Theology, philosophy and science have all been called upon to make their contributions to the theme. Poetry has offered its voice and religion its faith, with the result that every corner of knowledge has been explored, every depth of truth uncovered and revealed. There is the possibility of course, that the veil which hangs over every grave to divide this life from the mystery that lives beyond, may someday be lifted to our gaze.

What optimism! But is it so difficult to feel Holme’s undertones of helplessness here? May someday be lifted to our gaze. Those are an expression of concealed resignation. Man may try as he has always done, but ultimately, it may not be in his power to discover the full meaning and culmination of life. Until a time comes when the present life and the so-called after-life are merged in a continuum, theology, philosophy, science and all other intellectual enterprises which insist on immortality of the soul remain worthless, though relevant. For how can the ordinary mind unravel and comprehend experiences shrouded in the veil of time and eternity? These intellectual gymnastics, as they are, may only help to remind us that this veil is there over every grave, but they may never be able to lift it to our gaze. An understanding of being and existence, therefore, may then be predicated on the elimination of death – the very death of Death itself – so that the unborn, the living and the dead can be in perfect unison.
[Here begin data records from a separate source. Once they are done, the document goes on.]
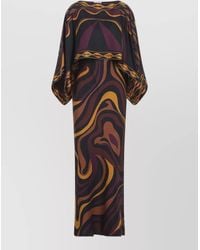 PUCCI - Silk Printed V-Neck Long-Sleeve Maxi Dress - Lyst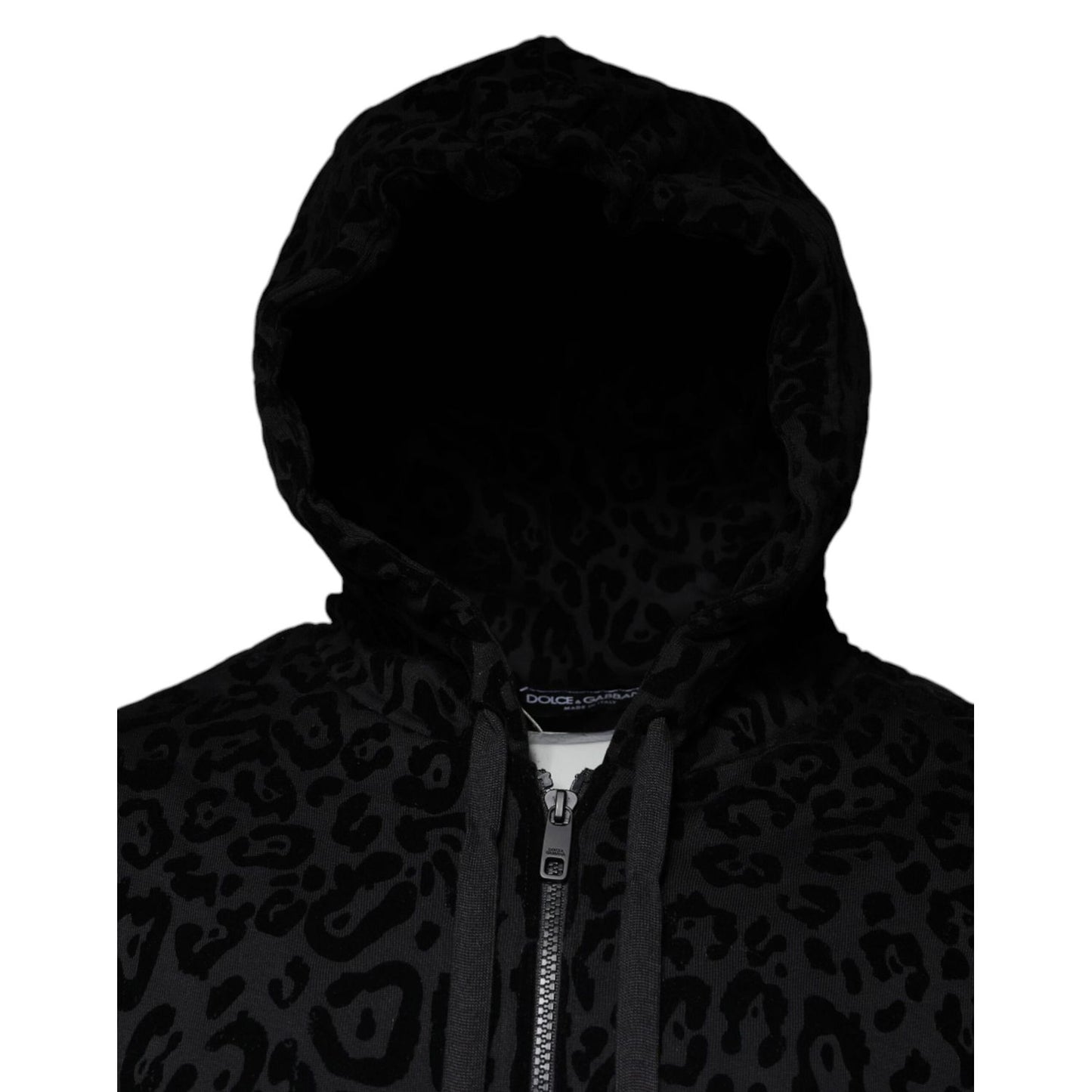 Dolce & Gabbana Black Leopard Cotton Hooded Full Zip Sweater
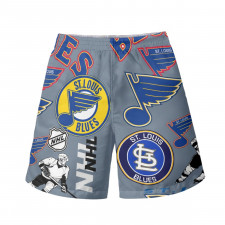 NHL St. Louis Blues Beach Shorts Swim Pants Swimming Trunks - St Louis Blues Mania Collage Logo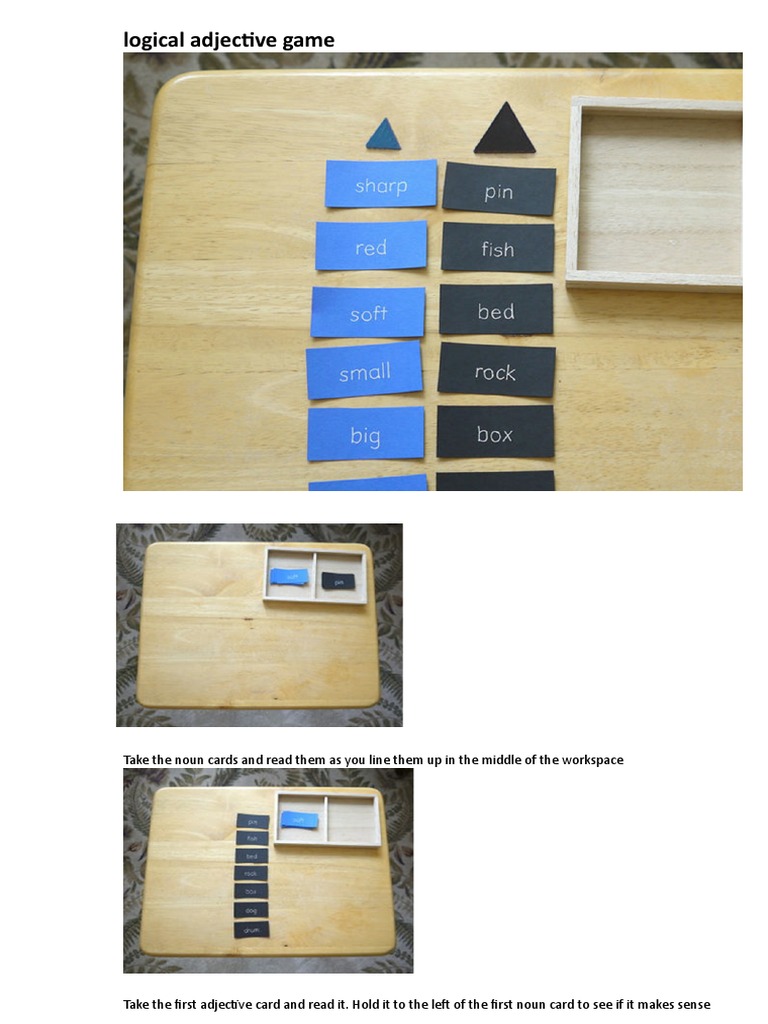Logical Adjective Game: Take The Noun Cards and Read Them As You Line ...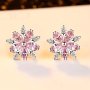 1 Pair Of Sakura Zirconia Stud Earrings For Women Delicate Jewelry For Women Gift Birthday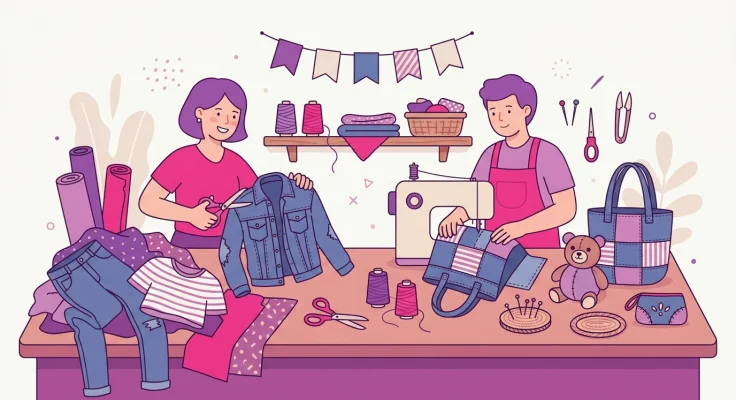 Flores de Tela Reciclada para Decoración del Hogar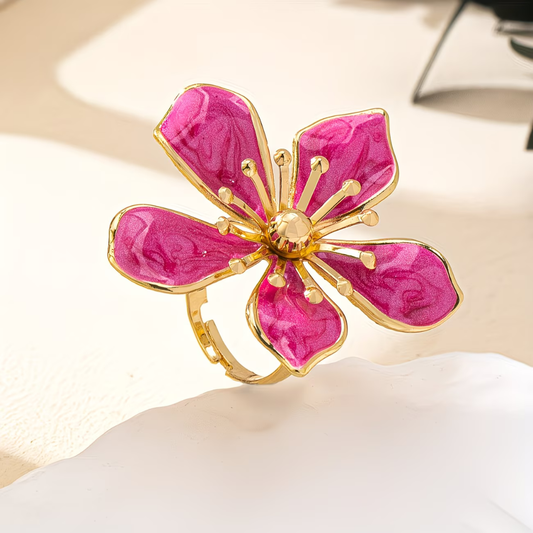 Bloemrijke Multikleurige Zilveren Ring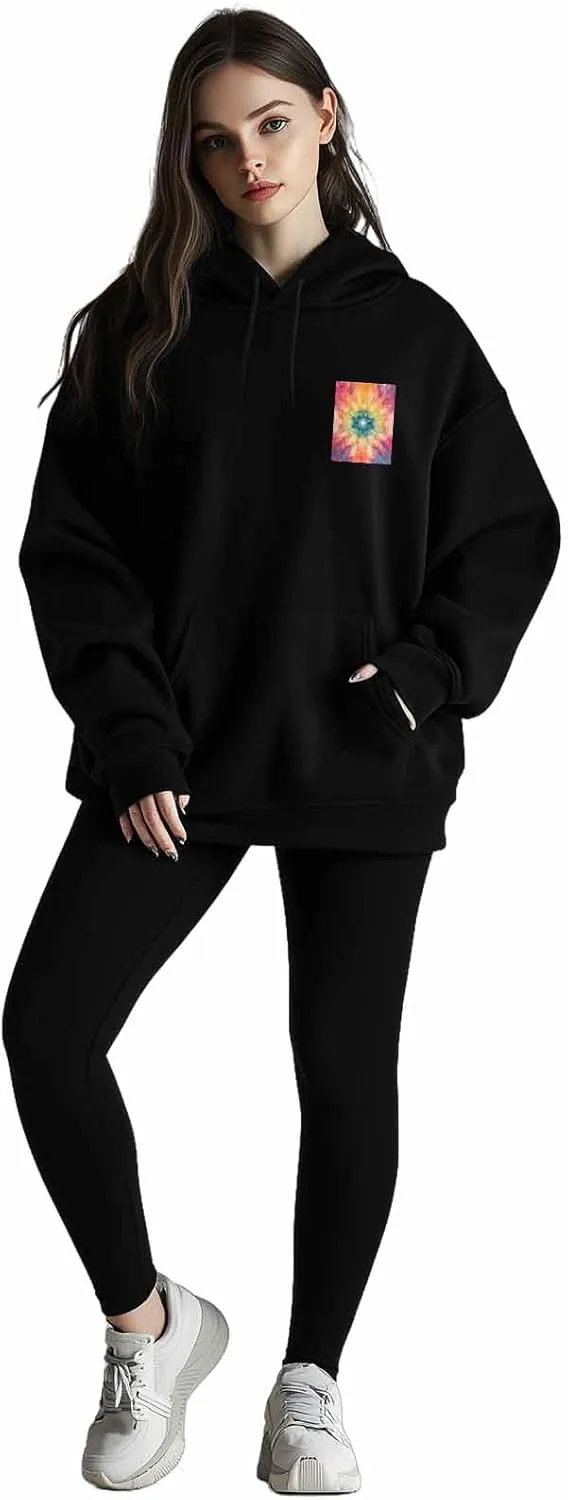 BEMIGO Hooded Sweatshirt Women Colorful Cozy Black/White Sweatshirt with Oversized Front Pocket Tie Dye Printed Trendy Tops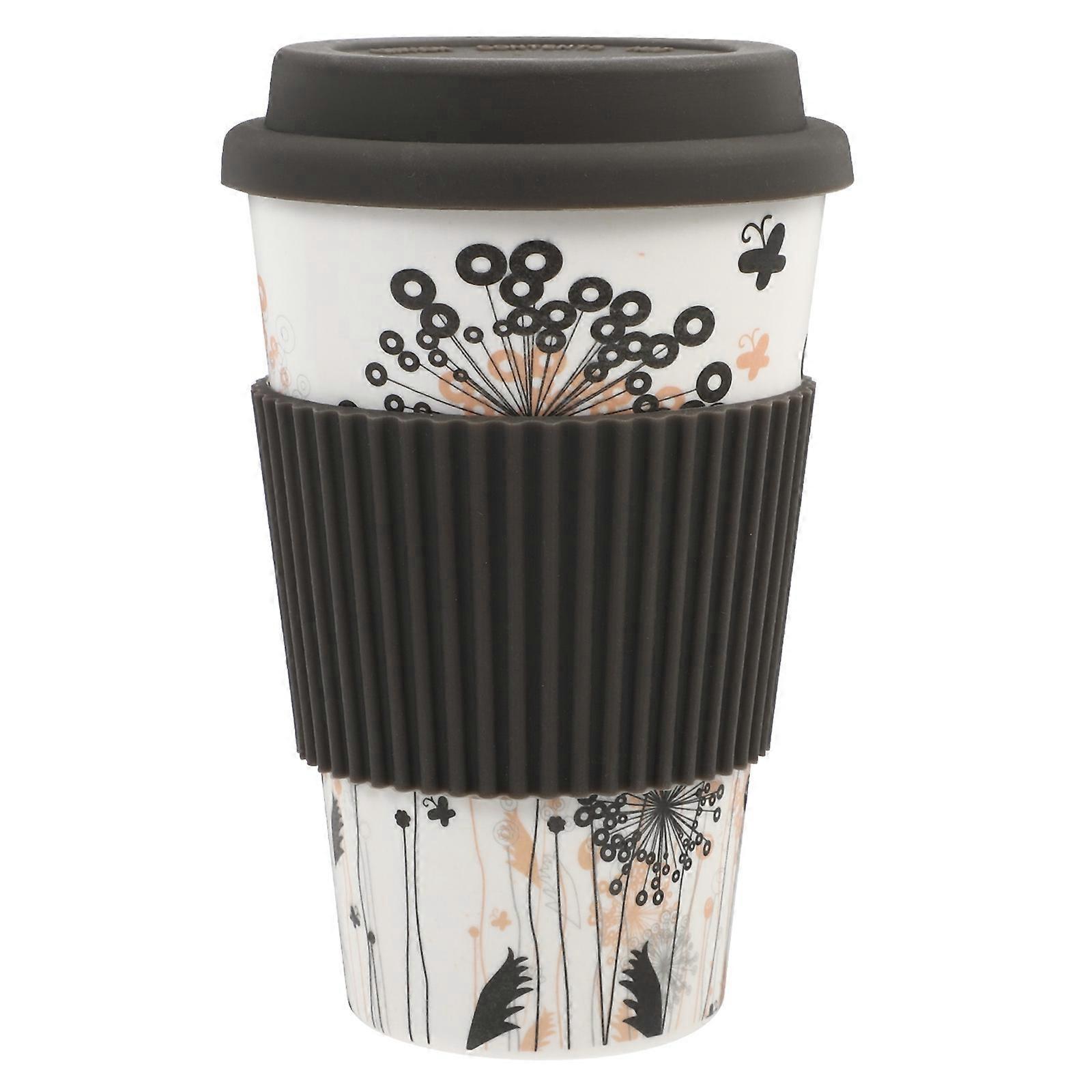 1 Stück 400 Ml Kaffeebecher Mit Deckel, Wärmeisolierend, Für Wasser Und Kaffee-13.00x8.50x5.50cm-grey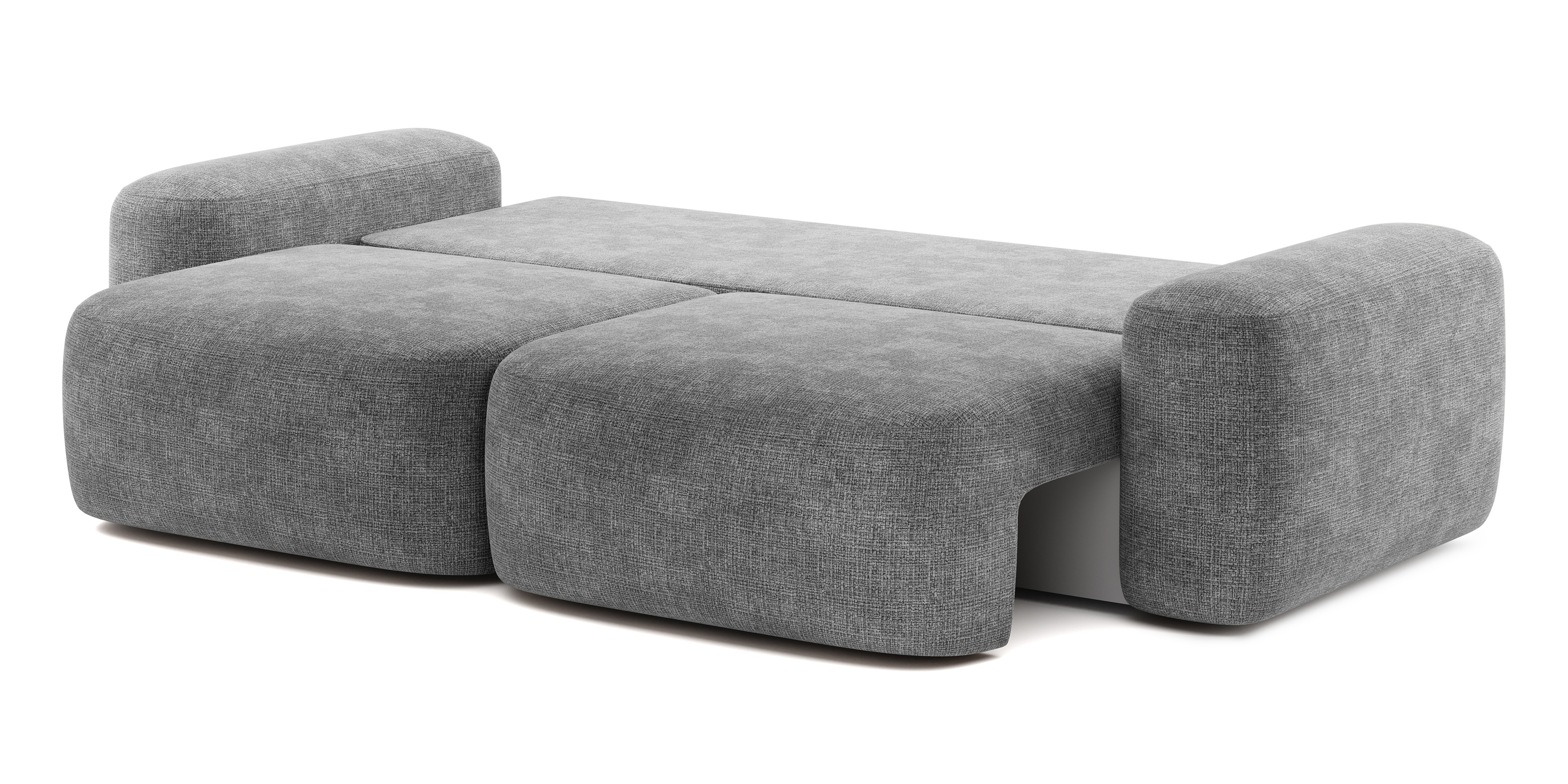 Sofa rozkładana Bold szara, obłe kształty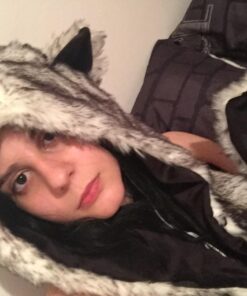 White Wolf Animal Hoods Hat, Mittens, Gloves, Scarf Paws Prints and Ears, Furry Hoodie 24 61A5jJu0rhL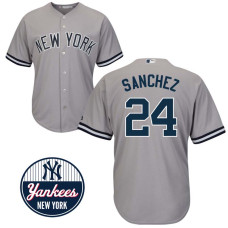 New York Yankees #24 Gary Sanchez Road Grey Cool Base Jersey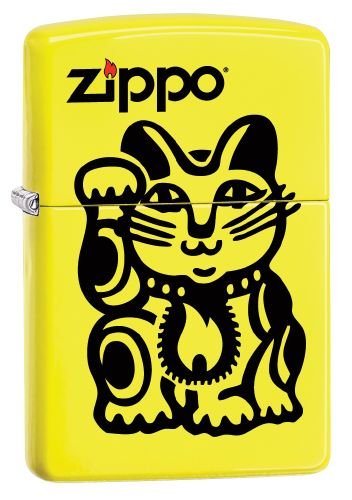 Zippo 28887 60002726 pl Lucky Cat Mechero de gasolina, latón, Amarillo neón, 1 x 3,5 x 5,5 cm
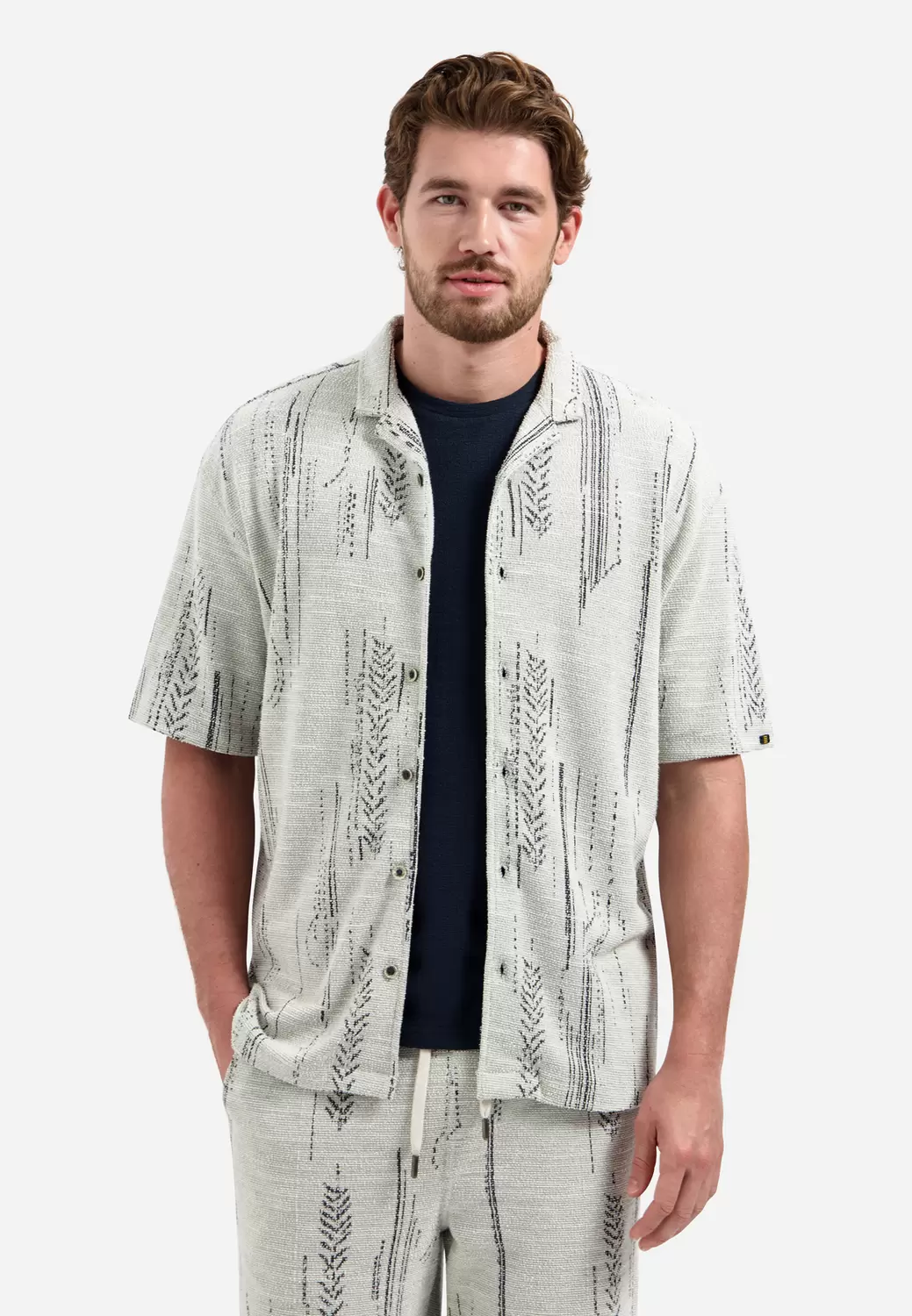 Shirt Short Sleeve Jacquard Fancy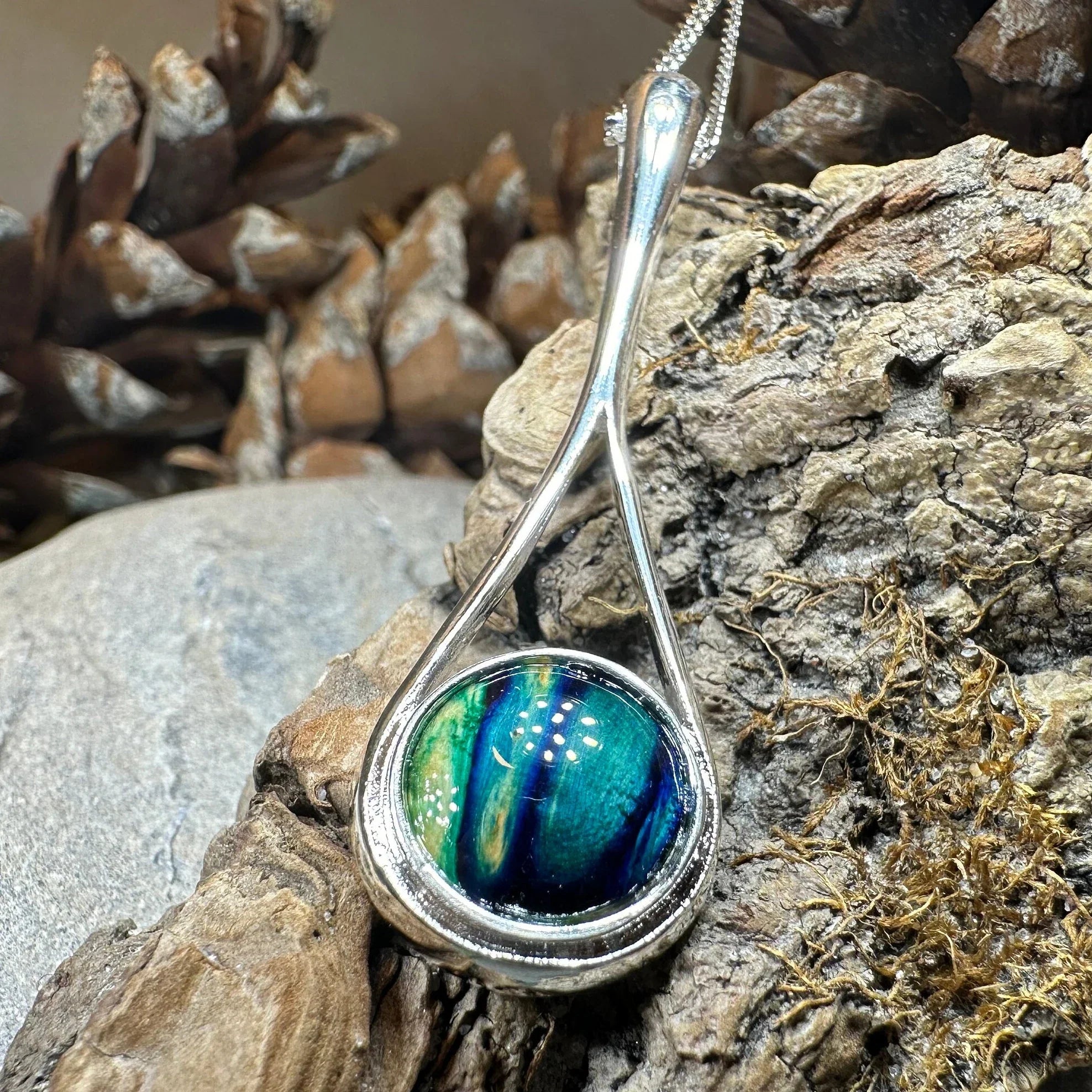 Scottish Raindrop Heathergems Necklace - Handmade in Scotland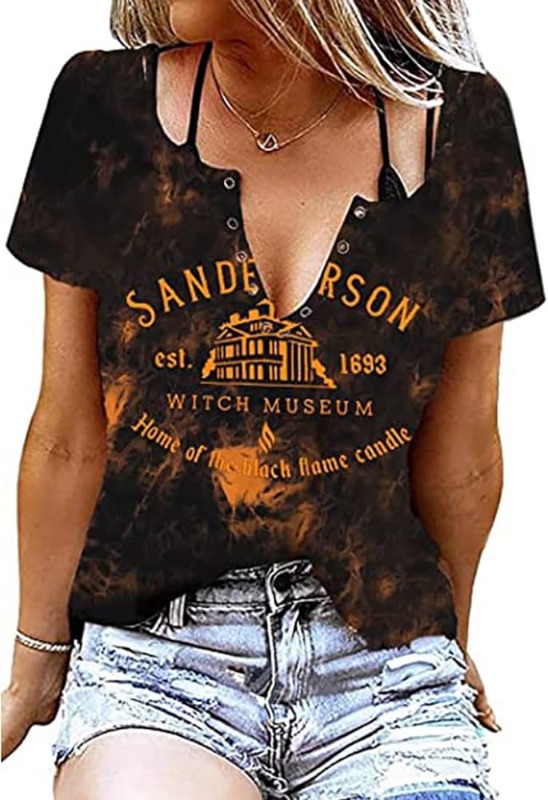 Photo 1 of *NON-REFUNDABLE* Sanderson Sisters Bed and Breakfast Funny Letter Print Tee Shirts Cute Short Sleeve Graphic Tees Casual Loose Tops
I must admit that the present exhibition suffers the same handicap although it does not primarily seek to lift the controversial veil mentioned by Holmes. In all, its fulcrum could be located in three questions: who is man? What is man? What is the destiny and culmination of man? These questions are posed in the installationist painting that make up the second part of the exhibition, which, embodies my personal search for truth and happiness.

Some of my critics would quickly locate the low points of this exhibition in the fact that I “have not proffered solutions to most of the issues raised in the exhibition”, especially in the second segment. But such a position would merely represent a glaring case of ignorance. For it is not within the beat of practical artistic process to find solutions, within the bonds of such practice, to the varied problems which confront mankind, more so, the overwhelming question of man’s origin and his position in this world and the otherworld. That may be the concern of pure phenomenology and related discourses. The artist only raises questions about what is and what ought to be, so that through his work some of the realities of the human condition are reappraised and revarnished while our wandering attention is redirected towards the primal essence and purpose of Being. Consequently, it is not an exaggeration for me to say that the ultimate role of art is to survive society and thereby provide a charming and insightful tapestry into which the story of man could be woven.

This is precisely the motive for this exhibition. Although I detest artistic labels, I should state with a deep sense of modesty that the present exhibition is but a child of a homocentric cast of thought whose mould could be found in my admiration for Blake and those men of the Renaissance. This state of mind cannot be a feat in itself. For how could I direct my gaze at the question of existence without seeing man is the very centre of it? Man adds vitality to the material world. Protagoras was right when he proclaimed that “Man is the measure of all things.” This statement is reechoed by the African nationalist, Kenneth Kaunda, several centuries later, when he insists that “Society is there because of man”. But if man is the measure of all things, what is the measure of man? And to return to Shakespeare, what is this quintessence of dust? I don’t know. But I’m afraid that the answer to Shakespeare may be contained in the “possibility” hinted at by Holmes above. Ultimately, the continued existence of death may well hold the keys to the meanings of man and all the secret places of human existence.